第22話 ぽよぽよにまきこまれる僕



 ウサギは一匹になると孤独で死んでしまうって聞いたことあるけど、あれってほんとかな?

 ぽよぽよってウサギ型だから……。


「兄ちゃん。なんか、悲しくなる……」

「大丈夫だ! かーくん。兄ちゃんがぽよぽよを蘇生させるからな。ほら、死なないでー!」


 猛が復活呪文を唱えると、失神してたぽよぽよAがハッと目をさました。

 えっ? どのへんが呪文かって? 死なないでーのあたりだ。


「あっ、やる気になった!」

「キュイ!」

「キュイ!」

「キュイ!」


 すると、どういうわけか、気分が爆あがりしてくのが自分でもわかる。近所のスーパーで抽選会の一等当たったときみたいなハイテンション!
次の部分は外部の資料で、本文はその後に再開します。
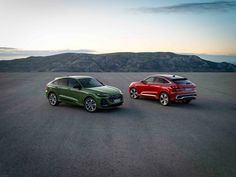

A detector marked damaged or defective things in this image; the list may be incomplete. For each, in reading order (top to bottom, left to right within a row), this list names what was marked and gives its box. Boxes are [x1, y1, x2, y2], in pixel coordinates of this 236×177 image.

cracked asphalt surface [0, 72, 235, 177]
「みんな、僕にまかせて! やるぞ。かーくんパンチ!」

「ギュワッ!」


 僕の右ストレートが見事にガーゴイルの顔面にキマッた。ふふふ。やったね。


「キュイ!」

「キュイキュイ!」

「ピュイ〜!」


 戦闘終わったけど、ますます爽快な気分。これか。これがぽよぽよのオートテンションか。僕、しっかり、仲間に入ってるなぁ。


「よし。ぽよぽよAは今日から、ぽよんだ」

「ピュイ〜!」


 ふふふ。さらにテンションがあがる。ぽよぽよたちの目が輝いてる。今なら魔王だって、かるーく小指で倒せそうな気がする。
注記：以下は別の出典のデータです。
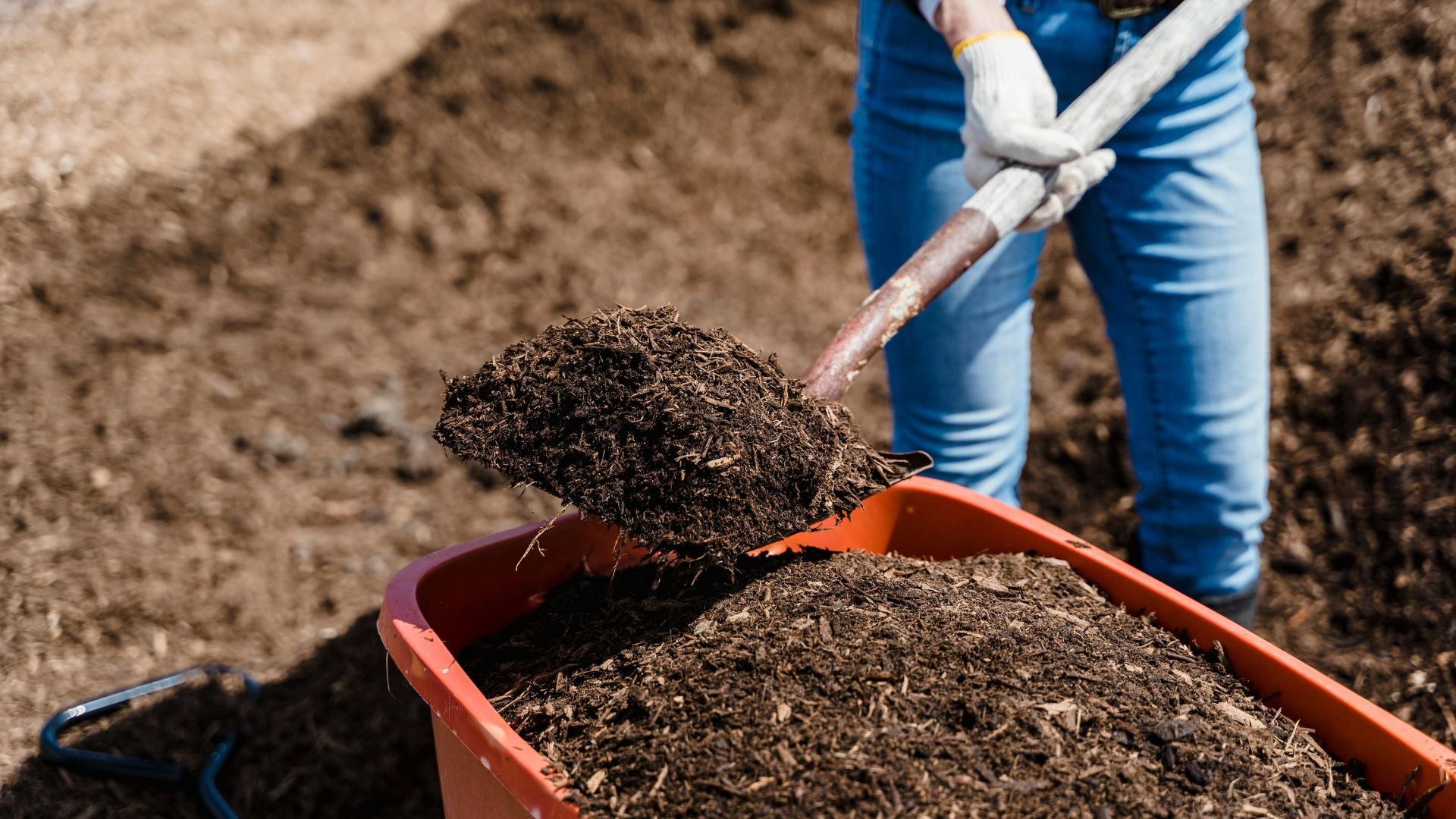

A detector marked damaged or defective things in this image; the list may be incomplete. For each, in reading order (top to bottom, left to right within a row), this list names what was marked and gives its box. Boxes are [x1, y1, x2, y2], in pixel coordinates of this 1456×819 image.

rusty metal shovel shaft [798, 0, 1252, 399]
 コホン、とテロップが言った。厳密にはコホンって文字が空中に浮かんだ。字幕だ。



 ガーゴイルは物欲しそうにアメちゃんを見ている。アメちゃんをあげますか?



「来るものこばまず! それが、かーくん。アメちゃん、あげようじゃないか!」

「ギギギ……」


 あれ? 一粒じゃダメか。

 ガーゴイルは魔王軍で一番よくいたモンスターだもんな。


「ほれ。アメちゃん」

「ギギギ……」

「ほれ、ほれ、ほれ」

「ギギ……」

「ほれ、ほれ、ほれ、ほれ、ほれ」

「ギュン!」



 ガーゴイルが仲間になった!



 そうか。ガーゴイルは十粒ほどで仲間になるのか。おぼえとこう。やっぱり、小さくて弱っちい子は一粒でホイホイついてくる。


「さ、みんな行くよ〜」

「キュイ!」

「キュイ!」

「キュイ!」

「弟がぽよぽよキング」


 猛、こそっと水さすなよぉ。

 とにかく、進む。

 廊下はガーゴイルの巣だ。ものすごいエンカウント率。数歩進むと遭遇する。



 チャララララ……。

 アコギーなガーゴイルが——



「仲間がやられる前に敵を討つ! それが、かーくん!」

「ギュワッ!」

「かーくんパンチ炸裂!」

「キュイ〜」

「キュイ〜」

「キュイ〜」


 ぽよぽよたちの声が「いいぞ、かーくん!」「やる〜」「カッコいい!」って聞こえる。ふふふ。


 そのままのテンションでキッチンまでやってきた。

 キッチンは——


「あっ、ミニコ!」

「ミ〜!」


 うん。キッチンもガーゴイルの山だ。床は足のふみ場がない。キッチンに入りきらなくなったのか、ミニコは一撃でガーゴイルを倒しながら、ポイポイと地下室にすててる。地下は食料品とか置いてあったんだけど、まあいいか。


「ミニコ。キッチンはいいから、いっしょに行こう」

「ミミ〜」


 これで前列、猛、僕、ぽよちゃん、ミニコだ。スゴイな。けっこう世界でも最強パーティーだよ。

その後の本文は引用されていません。